Bug 637180

Summary: watchdog timer isn't reset when qemu resets
Product: Red Hat Enterprise Linux 6 Reporter: Richard W.M. Jones <rjones>
Component: qemu-kvmAssignee: Richard W.M. Jones <rjones>
Status: CLOSED ERRATA QA Contact: Virtualization Bugs <virt-bugs>
Severity: medium Docs Contact:
Priority: low    
Version: 6.1CC: chayang, dallan, khong, lihuang, michen, mkenneth, shu, virt-maint
Target Milestone: rc   
Target Release: 6.1   
Hardware: All   
OS: Linux   
Whiteboard:
Fixed In Version: qemu-kvm-0.12.1.2-2.134.el6 Doc Type: Bug Fix
Doc Text:
Story Points: ---
Clone Of: Environment:
Last Closed: 2011-05-19 11:34:42 UTC Type: ---
Regression: --- Mount Type: ---
Documentation: --- CRM:
Verified Versions: Category: ---
oVirt Team: --- RHEL 7.3 requirements from Atomic Host:
Cloudforms Team: --- Target Upstream Version:
Embargoed:
Bug Depends On:    
Bug Blocks: 580954, 634607    

Description Richard W.M. Jones 2010-09-24 14:36:01 UTC
Description of problem:

The IB700 and I6300ESB watchdog timers don't include a handler
to reset them when the VM / qemu is reset.

The could lead to a failure case as follows:

(a) guest boots, watchdog is enabled

(b) guest does a reset eg:
  echo 'b' > /proc/sysrq-trigger
(note that an ordinary /sbin/reboot wouldn't hit this case
since that would properly disable the watchdog)

(c) the reboot takes longer than the remaining time on the
watchdog

(d) the watchdog therefore fires during the reboot

(e) probably the VM would just reboot again at this point which
  is pretty benign, but it could depend on the action that the
  user had selected for the watchdog

Version-Release number of selected component (if applicable):

All versions of qemu including upstream.

How reproducible:

Always.

Steps to Reproduce:

For the purpose of this demonstration, I'm going to directly
invoke qemu-kvm.  You need a guest with the watchdog daemon
installed and configured.  The guest should also have a grub
timeout so you can interrupt the boot.

(1) Run:

qemu-kvm \
    -enable-kvm \
    -m 1024 -vnc :11 \
    -drive file=watchdog-guest.img \
    -watchdog i6300esb \
    -watchdog-action reset

(2) Wait until this boots, check watchdog daemon is running.

(3) Inside the guest do:

sync
echo 1 > /proc/sys/kernel/sysrq
echo b > /proc/sysrq-trigger

Guest will immediately reboot.  Same qemu process will
still be running.

(4) Enter grub as the guest boots (ie. hit Esc), and wait for
a few seconds.

Actual results:

The watchdog will fire, causing the guest to reboot again while
you are waiting in grub.

Expected results:

Watchdog should have been reset by the action of resetting
qemu.

Additional info:

Comment 1 Richard W.M. Jones 2010-09-24 16:28:24 UTC
Patch posted upstream:
http://lists.nongnu.org/archive/html/qemu-devel/2010-09/msg01754.html

Comment 2 Richard W.M. Jones 2011-01-04 11:48:15 UTC
Fixed (eventually) upstream in the following commits:

http://www.qemu.com/qemu.git/commit/?id=36888c6335422f07bbc50bf3443a39f24b90c7c6
Watchdog: disable watchdog timer when hard-rebooting a guest.

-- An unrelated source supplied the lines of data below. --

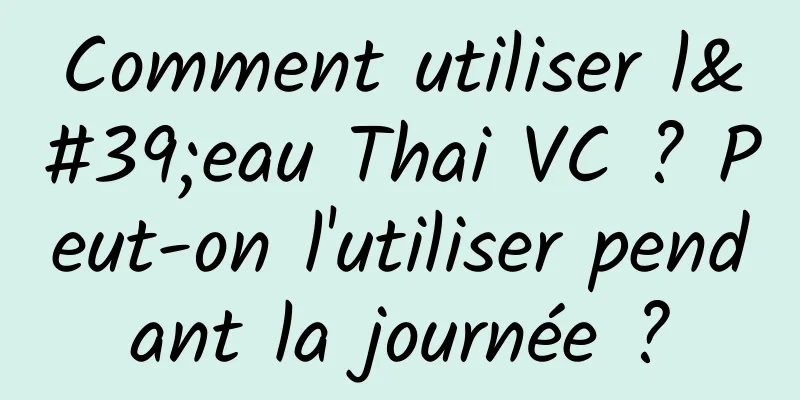 Comment utiliser l'eau Thai VC ? Peut-on l'utiliser pendant la journée ?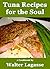 Tuna Recipes for the Soul (Walter Lagasse Cookbook Series)
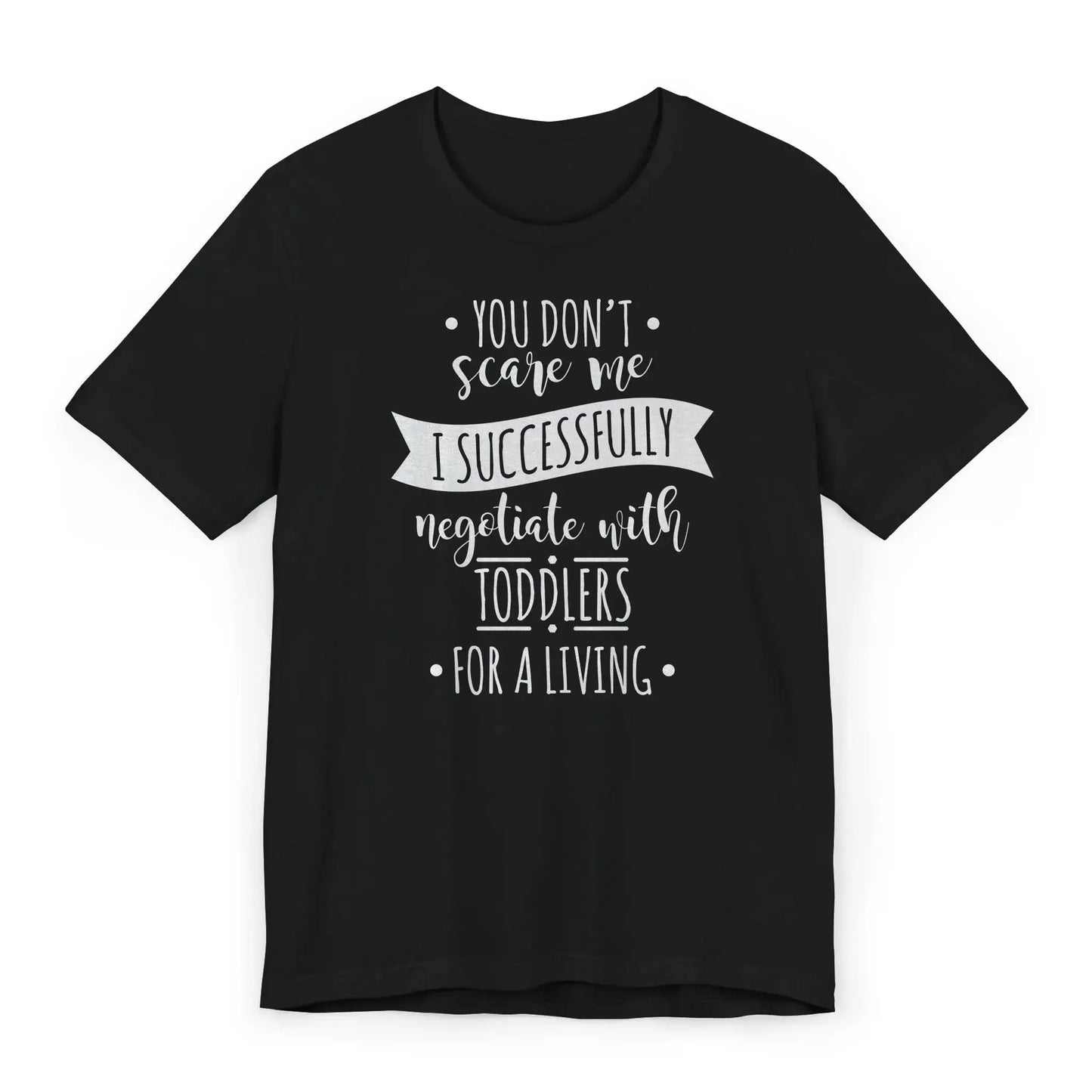 Funny babysitter shirt with white and pink text I Successfully Negotiate with Toddlers for a Living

http://www.qemu.com/qemu.git/commit/?id=fa82e9c300df6f7b8bd44a26ac752c4ea5da02c1
wdt_i6300esb: register a reset function

(Note that both patches are needed)

Comment 9 Shaolong Hu 2011-02-17 09:52:40 UTC
Reproduced on qemu-kvm-0.12.1.2-2.131.el6 as following steps.

Reproduce Procedure:
---------------------
1. boot guest with "-watchdog i6300esb -watchdog-action reset"
2. in the guest, enable watchdog:
   #cat /dev/watchdog
3. reboot guest using following commands before watch dog heartbeat expire:
   #sync
   #echo 1 > /proc/sys/kernel/sysrq
   #echo b > /proc/sysrq-trigger
4. enter grub interface, press ESC to interrupt the timer, and wait.

Actual results:
----------------
After step 4, for a few seconds, the guest reset.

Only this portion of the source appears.